27. En conséquence, la Commission n’a pas tenu compte des éléments de preuve très probants concernant l’insuffisance des mesures de protection de l’État pour les victimes du crime organisé. Parmi ces éléments se trouvait un rapport de la CISR daté du 13 août 2021 et consigné au point 7.37 du CND du 31 août 2021. Le conseil a présenté des observations de vive voix détaillées au sujet du point 7.37.

28. En ce qui concerne les efforts déployés par l’État colombien pour protéger les victimes d’acteurs non étatiques armés, le point 7.37 énonce ce qui suit :

[…] Amnesty International signale que l’UNP fournit [version française d’Amnesty International] « uniquement » des mesures de protection « adoptant une approche principalement individuelle et urbaine » (Amnesty International 8 oct. 2020). Au dire de l’analyste principale, il est [traduction] « vraiment difficile » pour les personnes prises pour cible par des groupes criminels d’obtenir une protection offerte par l’État en raison du « seuil très élevé » pour être admissible; un « certain » niveau de « visibilité publique » est nécessaire, comme être un « leader connu » (analyste principale 8 juill. 2021).
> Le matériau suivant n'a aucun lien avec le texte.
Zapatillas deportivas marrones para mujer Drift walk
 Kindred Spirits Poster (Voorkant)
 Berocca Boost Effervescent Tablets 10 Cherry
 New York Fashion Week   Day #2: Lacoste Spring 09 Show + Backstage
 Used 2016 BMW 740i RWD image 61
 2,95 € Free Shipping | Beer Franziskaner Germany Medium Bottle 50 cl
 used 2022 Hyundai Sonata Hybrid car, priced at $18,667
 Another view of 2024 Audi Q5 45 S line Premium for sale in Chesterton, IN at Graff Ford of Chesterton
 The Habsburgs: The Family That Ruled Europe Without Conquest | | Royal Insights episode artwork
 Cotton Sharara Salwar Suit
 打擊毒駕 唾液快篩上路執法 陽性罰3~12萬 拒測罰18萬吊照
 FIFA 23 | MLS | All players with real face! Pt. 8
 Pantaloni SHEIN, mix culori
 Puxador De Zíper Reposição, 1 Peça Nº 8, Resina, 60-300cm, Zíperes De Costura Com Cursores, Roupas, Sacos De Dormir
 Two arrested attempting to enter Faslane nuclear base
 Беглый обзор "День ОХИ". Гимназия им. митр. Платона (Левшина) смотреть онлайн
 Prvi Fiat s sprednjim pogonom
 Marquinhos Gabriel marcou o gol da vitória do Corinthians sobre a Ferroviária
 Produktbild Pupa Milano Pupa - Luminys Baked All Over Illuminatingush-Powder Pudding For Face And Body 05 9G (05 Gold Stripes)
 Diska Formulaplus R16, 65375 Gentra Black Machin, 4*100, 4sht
Il ressort du rapport de HRW que [traduction] « de nombreux leaders communautaires » ne reçoivent pas de menaces ou ne les signalent pas aux procureurs, ce qui est « exig[é] » pour obtenir une protection (HRW 10 févr. 2021).

Un article d’Infobae, un site Internet argentin d’actualités en espagnol (The Washington Post 8 juin 2016), citant un rapport publié par le gouvernement national, souligne que [traduction] « [m]algré une augmentation du nombre de meurtres de leaders sociaux et de défenseurs des droits de la personne en Colombie, [l’UNP] a seulement accepté 16 p. 100 des demandes » (Infobae 1er oct. 2020). La même source ajoute qu’entre le 1er janvier et le 16 août 2020, l’UNP a reçu 6 756 demandes de protection présentées par des leaders sociaux et 3 053 demandes présentées par des défenseurs des droits de la personne; 1 093 et 474 demandes respectivement ont été acceptées (Infobae 1er oct. 2020). L’analyste principale a dit que [traduction] « certains » ont demandé une protection et ont attendu de six à huit mois pour obtenir une réponse; à ce stade, soit le danger s’était « matérialisé », soit il était « passé » (analyste principale 8 juill. 2021). La même source a ajouté que les mesures comme les gilets pare-balles et les véhicules blindés peuvent avoir pour conséquence que les personnes sont [traduction] « plus facilement » prises pour cible par les groupes criminels (analyste principale 8 juill. 2021).

Selon le Bureau du protecteur de citoyen [sic], le SAT est un [traduction] « instrument » utilisé par le Bureau du protecteur du citoyen pour « amasser, vérifi[er] et analyser, de manière technique, l’information en lien avec les situations de vulnérabilité et de risque pour la population civile qui découlent du conflit armé » et il est utilisé pour avertir les « autorités concernées » afin qu’elles soient en mesure de « coordonner et de fournir une attention complète et opportune aux communautés touchées » (Colombie s.d.).

Toutefois, HRW signale que les autorités responsables de donner suite aux alertes rapides [traduction] « ont constamment négligé de le faire ou ont réagi pour la forme ou d’une manière insignifiante, produisant de maigres résultats sur le terrain » (HRW 10 févr. 2021). De même, Amnesty International souligne que le SAT est [version française d’Amnesty International] « peu efficace » parce que le « non-respect de ses mesures par les organes de l’État n’entraîne aucune conséquence » (Amnesty International 8 oct. 2020).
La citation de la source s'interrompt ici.